The new social trend is the "coming out," and actors, neighbors and even spouses are doing it. And that's great - if you're gay, you might as well live an open, happy life. (unless of course you're in the military)
But now it's chic for even fictional characters to be gay, as J. K. Rowling has brought her Harry Potter character, Dumbledore, out of the closet.
I hope she gave him time to tell his parents first.
Yes, Dumbledore is a donut puncher, and children everywhere will be thumbing through their books ravenously, looking for signs. Sort of like the first time you leave a ten-year-old alone with a dictionary. The first word they look up is "vagina." He he he he he!!!
We should have seen this coming all along. I've not even read the Potter series, yet I had my suspicions. So I've compiled a list of signs we all should have seen that Dumbledore was a "confirmed bachelor:"
1 - All those "layovers" in the Minneapolis airport.I spent my entire breakfast writing this. Note to self: Find a hobby.
2 - First name? Albus.
3 - His title was Wizard, but they all called him Queen.
4 - He was the "headmaster" at the school of wizardry David Copperfield attended. (allegedly)

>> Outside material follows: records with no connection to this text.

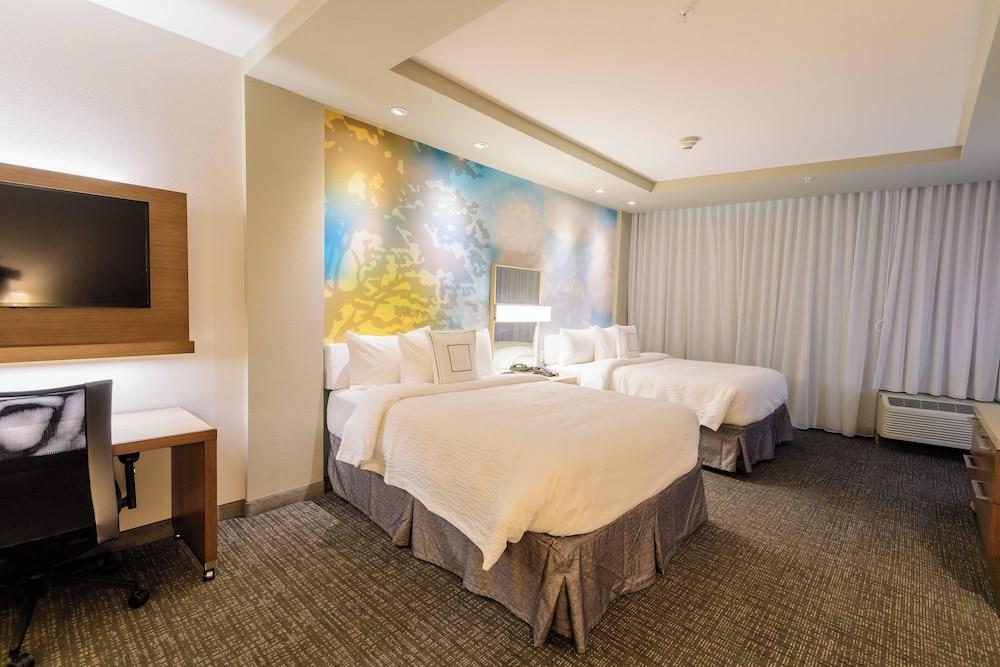 Courtyard by Marriott Lake Jackson photo 17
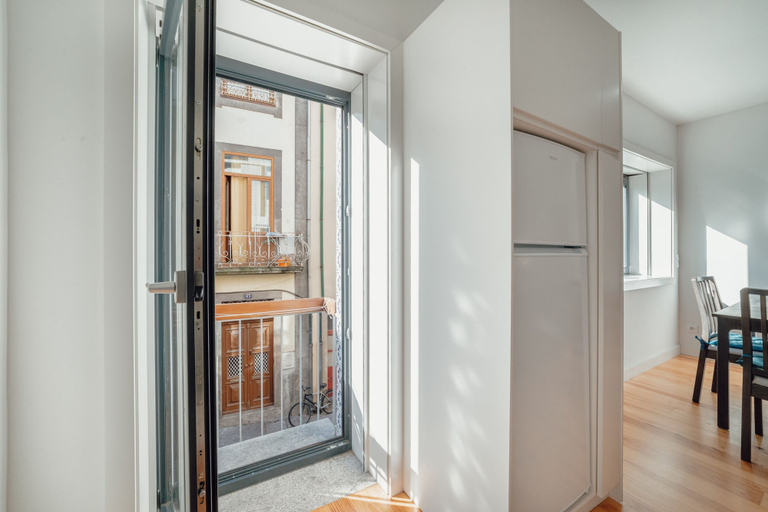 Room 5, Downtown Sunny Apartment by Vacationy, Porto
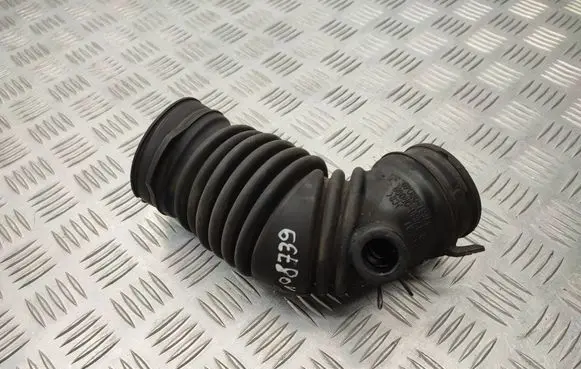 Toyota Avensis T270 Turbo air intake inlet pipe/hose 178800R050 178810R040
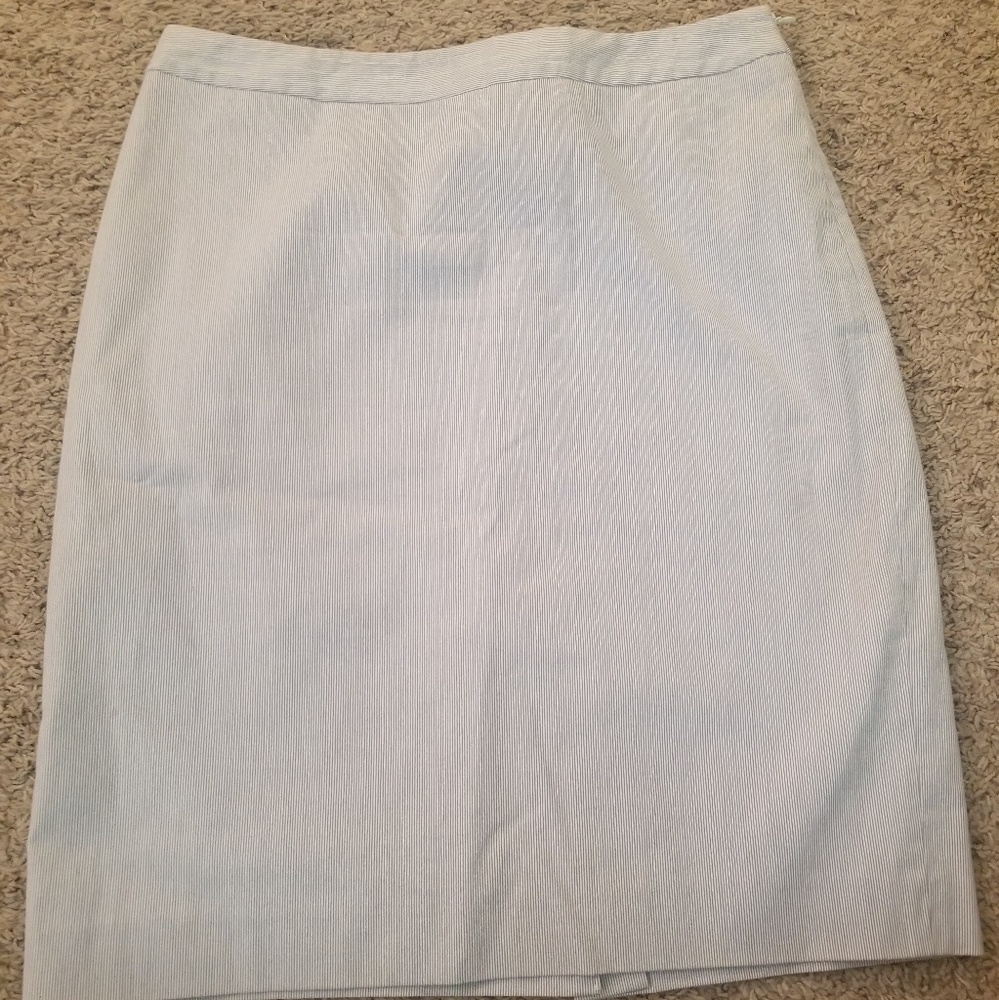 Nine West searsucker suit skirt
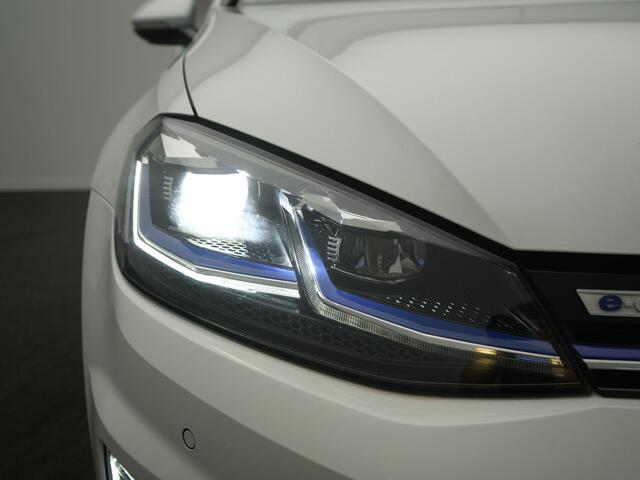 Volkswagen e-Golf e-Golf - RIJKLAARPRIJS - SOH 90% - Volledig Elektrisch! - 18 inch Velgen! - Adaptive Cruise Control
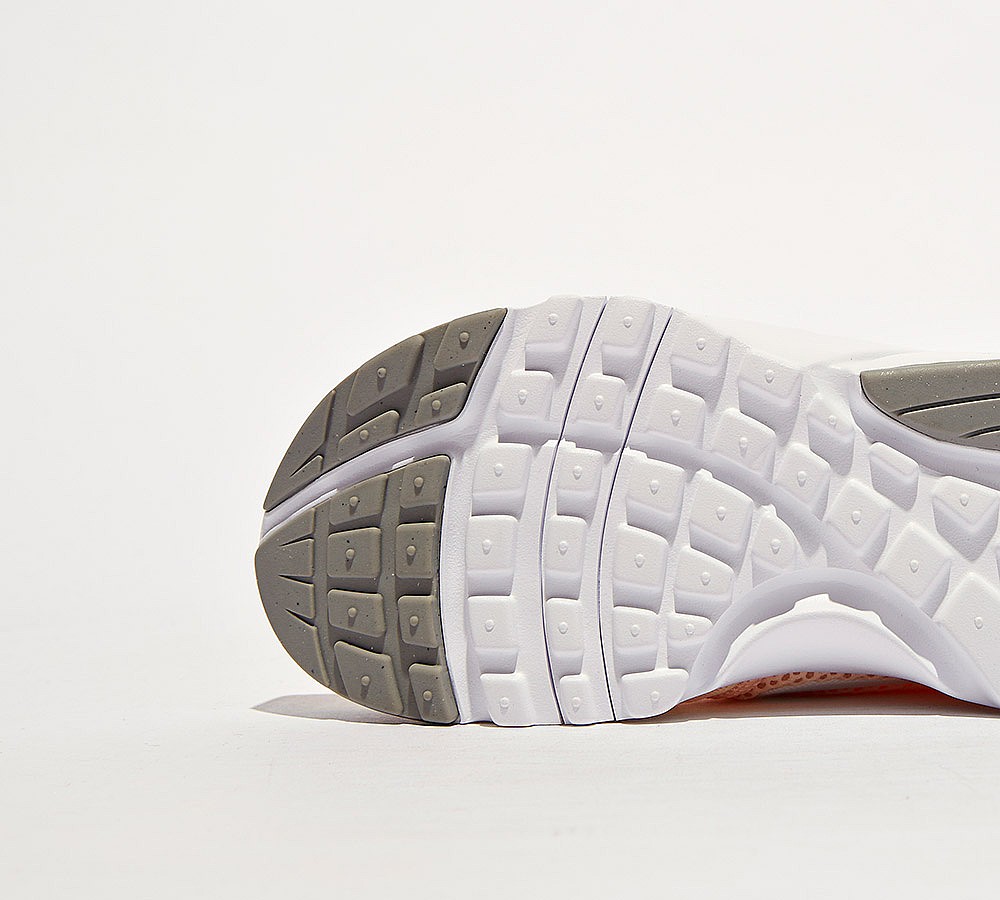 Nike Infant Presto Fly Trainer | Crimson Tint / White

5 - In the movie series, he was first played by Richard Harris. HELLO?!?
6 - He always tried to show Harry what he called "the headmaster's log."
7 - He always tried to get Harry to touch his "magic wand."
8 - Middle name? Percival.
9 - That whole stint working part time at Deb.
10 - Griselda Marchbanks, Head of the Wizarding Examinations Authority, remarked that the young Dumbledore had "...done things with a wand I'd never seen before."